Data for the task:
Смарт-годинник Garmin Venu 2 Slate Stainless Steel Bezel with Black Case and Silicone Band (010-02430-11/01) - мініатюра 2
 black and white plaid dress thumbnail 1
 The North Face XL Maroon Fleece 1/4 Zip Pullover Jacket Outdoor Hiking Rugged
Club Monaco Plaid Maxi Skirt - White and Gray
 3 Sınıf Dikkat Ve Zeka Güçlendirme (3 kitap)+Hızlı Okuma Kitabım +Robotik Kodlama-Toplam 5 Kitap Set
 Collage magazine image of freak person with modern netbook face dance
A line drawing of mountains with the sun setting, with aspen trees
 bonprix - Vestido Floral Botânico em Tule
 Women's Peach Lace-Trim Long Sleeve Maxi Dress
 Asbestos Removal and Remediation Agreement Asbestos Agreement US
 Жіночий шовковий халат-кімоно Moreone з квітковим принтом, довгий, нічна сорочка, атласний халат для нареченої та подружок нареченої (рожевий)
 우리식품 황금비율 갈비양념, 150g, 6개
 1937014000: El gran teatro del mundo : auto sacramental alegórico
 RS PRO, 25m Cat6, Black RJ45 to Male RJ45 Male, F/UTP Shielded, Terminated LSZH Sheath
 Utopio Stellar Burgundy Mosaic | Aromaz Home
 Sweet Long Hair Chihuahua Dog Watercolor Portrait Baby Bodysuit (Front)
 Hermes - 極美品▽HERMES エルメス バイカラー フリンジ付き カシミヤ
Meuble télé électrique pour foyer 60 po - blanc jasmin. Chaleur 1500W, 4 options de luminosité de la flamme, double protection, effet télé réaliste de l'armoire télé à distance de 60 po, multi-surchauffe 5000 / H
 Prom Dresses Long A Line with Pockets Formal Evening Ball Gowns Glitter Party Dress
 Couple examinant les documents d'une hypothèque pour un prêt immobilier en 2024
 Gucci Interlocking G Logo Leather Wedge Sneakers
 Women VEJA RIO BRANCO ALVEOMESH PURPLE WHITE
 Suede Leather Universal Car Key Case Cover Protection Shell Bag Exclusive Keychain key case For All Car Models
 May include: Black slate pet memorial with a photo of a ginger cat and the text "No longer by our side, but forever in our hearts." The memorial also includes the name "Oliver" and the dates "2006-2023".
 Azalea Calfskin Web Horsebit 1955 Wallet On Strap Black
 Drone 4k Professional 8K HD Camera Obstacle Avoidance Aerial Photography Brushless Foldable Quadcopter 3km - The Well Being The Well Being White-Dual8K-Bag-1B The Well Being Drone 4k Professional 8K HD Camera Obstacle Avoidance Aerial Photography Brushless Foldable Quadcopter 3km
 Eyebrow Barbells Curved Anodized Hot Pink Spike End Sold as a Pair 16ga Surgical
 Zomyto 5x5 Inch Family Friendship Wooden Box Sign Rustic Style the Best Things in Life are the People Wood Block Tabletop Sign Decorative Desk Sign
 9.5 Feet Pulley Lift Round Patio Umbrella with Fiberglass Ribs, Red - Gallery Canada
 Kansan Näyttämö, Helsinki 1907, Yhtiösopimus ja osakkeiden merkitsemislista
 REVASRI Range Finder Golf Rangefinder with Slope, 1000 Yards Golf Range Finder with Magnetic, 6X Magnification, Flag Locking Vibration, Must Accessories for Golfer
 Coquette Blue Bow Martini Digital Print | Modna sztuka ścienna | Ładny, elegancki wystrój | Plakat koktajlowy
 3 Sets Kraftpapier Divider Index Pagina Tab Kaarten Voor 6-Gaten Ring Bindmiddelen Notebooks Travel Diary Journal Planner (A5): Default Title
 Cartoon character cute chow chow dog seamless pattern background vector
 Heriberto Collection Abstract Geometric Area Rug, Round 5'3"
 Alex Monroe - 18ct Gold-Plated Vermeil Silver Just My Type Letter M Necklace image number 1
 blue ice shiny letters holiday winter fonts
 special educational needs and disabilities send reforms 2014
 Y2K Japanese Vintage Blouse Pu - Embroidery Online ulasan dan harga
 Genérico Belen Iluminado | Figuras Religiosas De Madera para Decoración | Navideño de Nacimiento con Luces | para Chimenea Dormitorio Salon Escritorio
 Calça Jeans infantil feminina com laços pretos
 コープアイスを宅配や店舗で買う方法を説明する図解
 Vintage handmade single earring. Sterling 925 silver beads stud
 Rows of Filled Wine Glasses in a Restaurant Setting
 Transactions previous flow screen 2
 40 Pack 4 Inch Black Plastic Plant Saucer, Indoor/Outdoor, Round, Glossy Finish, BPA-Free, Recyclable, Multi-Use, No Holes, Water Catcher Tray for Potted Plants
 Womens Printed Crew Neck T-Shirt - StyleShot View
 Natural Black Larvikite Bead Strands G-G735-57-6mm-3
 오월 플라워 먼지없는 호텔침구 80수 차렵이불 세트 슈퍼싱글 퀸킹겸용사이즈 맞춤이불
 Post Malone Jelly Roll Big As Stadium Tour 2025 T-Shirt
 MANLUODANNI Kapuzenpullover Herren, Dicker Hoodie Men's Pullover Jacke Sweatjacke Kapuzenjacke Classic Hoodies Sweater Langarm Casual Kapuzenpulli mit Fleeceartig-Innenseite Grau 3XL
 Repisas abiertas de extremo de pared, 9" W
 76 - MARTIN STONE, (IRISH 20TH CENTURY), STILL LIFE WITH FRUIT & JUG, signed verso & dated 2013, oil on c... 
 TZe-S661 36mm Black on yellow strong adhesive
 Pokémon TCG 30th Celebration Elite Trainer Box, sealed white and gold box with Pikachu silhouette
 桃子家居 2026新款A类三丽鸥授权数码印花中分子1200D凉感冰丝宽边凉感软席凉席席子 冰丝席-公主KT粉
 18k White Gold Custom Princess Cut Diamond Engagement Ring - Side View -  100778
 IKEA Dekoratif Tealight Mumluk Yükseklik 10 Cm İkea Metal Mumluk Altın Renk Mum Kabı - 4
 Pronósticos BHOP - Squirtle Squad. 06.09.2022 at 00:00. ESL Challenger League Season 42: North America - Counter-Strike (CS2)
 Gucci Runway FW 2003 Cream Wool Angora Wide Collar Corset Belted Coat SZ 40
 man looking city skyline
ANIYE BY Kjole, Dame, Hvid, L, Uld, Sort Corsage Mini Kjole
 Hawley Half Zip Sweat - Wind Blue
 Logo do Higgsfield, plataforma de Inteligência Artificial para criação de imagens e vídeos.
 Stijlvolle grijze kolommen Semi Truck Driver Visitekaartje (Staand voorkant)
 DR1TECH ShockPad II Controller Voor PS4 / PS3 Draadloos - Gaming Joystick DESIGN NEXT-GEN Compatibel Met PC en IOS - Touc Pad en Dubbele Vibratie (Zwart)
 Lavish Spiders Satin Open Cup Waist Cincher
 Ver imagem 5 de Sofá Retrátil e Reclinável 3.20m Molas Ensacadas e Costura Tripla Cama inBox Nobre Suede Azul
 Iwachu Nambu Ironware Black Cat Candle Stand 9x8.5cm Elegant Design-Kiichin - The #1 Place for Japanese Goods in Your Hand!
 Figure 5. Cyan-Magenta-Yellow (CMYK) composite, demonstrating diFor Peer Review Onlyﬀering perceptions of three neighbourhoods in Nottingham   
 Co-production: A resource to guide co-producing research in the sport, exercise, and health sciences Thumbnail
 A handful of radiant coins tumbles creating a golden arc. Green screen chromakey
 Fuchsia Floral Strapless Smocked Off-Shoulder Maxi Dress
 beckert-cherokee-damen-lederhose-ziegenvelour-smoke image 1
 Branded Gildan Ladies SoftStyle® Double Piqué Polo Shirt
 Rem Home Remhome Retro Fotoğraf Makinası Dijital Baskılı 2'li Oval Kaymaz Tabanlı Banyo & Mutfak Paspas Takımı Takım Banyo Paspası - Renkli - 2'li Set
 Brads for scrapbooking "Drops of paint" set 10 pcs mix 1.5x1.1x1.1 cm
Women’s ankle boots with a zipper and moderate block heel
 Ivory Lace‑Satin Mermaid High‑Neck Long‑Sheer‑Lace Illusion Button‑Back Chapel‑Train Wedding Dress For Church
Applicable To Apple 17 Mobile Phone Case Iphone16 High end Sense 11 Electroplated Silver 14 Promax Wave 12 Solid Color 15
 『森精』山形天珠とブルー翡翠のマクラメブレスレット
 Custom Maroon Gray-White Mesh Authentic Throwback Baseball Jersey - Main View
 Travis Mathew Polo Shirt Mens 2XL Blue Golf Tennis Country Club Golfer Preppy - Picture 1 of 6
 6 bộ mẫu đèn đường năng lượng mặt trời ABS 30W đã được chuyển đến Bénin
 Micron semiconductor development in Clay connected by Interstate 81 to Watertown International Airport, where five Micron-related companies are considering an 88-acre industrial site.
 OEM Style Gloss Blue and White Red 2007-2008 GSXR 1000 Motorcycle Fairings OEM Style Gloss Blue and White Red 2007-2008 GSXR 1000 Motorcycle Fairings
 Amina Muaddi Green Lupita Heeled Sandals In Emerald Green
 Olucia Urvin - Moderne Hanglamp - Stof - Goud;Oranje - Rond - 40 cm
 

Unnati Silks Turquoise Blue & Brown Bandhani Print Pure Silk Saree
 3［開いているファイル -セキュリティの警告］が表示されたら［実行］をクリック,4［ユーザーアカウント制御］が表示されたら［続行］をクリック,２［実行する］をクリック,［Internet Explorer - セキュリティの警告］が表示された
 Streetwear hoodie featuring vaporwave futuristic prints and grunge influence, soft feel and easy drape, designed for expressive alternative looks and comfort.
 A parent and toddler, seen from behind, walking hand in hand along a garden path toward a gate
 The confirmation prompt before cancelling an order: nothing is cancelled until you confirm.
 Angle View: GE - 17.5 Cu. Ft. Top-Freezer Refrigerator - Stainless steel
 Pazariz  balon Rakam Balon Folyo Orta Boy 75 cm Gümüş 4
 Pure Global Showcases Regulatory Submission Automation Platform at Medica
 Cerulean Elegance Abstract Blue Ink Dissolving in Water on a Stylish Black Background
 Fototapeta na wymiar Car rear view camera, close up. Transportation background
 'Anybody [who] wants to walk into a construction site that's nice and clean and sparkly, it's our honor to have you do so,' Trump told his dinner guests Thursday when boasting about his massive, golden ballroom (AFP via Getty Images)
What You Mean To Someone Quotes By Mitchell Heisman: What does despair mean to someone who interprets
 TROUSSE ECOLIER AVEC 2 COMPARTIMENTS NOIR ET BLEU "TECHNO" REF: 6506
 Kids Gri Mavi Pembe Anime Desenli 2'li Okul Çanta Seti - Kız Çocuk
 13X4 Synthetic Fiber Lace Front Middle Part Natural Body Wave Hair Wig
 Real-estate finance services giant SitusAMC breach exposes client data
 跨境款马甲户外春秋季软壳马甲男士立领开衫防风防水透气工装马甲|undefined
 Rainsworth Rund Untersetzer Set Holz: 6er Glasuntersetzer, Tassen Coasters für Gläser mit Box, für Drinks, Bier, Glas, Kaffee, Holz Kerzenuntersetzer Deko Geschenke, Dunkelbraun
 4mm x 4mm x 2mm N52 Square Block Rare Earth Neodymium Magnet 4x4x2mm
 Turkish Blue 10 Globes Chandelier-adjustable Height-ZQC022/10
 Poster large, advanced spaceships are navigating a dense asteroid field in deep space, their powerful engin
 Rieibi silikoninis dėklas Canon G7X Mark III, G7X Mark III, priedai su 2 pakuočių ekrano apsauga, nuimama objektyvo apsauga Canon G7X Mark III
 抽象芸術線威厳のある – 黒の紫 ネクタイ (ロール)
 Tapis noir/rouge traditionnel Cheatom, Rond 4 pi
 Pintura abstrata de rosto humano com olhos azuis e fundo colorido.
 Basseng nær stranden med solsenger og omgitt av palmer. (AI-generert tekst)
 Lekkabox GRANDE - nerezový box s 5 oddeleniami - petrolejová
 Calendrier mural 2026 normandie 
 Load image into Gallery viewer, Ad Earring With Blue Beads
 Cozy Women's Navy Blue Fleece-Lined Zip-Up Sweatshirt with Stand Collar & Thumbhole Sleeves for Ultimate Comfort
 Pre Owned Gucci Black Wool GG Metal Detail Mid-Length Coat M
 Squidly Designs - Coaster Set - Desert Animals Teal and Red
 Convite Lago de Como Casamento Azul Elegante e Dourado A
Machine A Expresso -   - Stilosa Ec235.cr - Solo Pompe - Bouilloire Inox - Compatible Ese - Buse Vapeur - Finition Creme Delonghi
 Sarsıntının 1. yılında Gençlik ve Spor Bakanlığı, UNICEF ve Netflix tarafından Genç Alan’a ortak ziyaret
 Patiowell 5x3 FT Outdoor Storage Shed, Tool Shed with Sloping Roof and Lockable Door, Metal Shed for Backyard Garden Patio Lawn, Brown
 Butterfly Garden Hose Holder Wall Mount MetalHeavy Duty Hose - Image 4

Work task: What lines in the entries above include the string "screen"? Return each one.

Result for this exercise:
 Transactions previous flow screen 2
 A handful of radiant coins tumbles creating a golden arc. Green screen chromakey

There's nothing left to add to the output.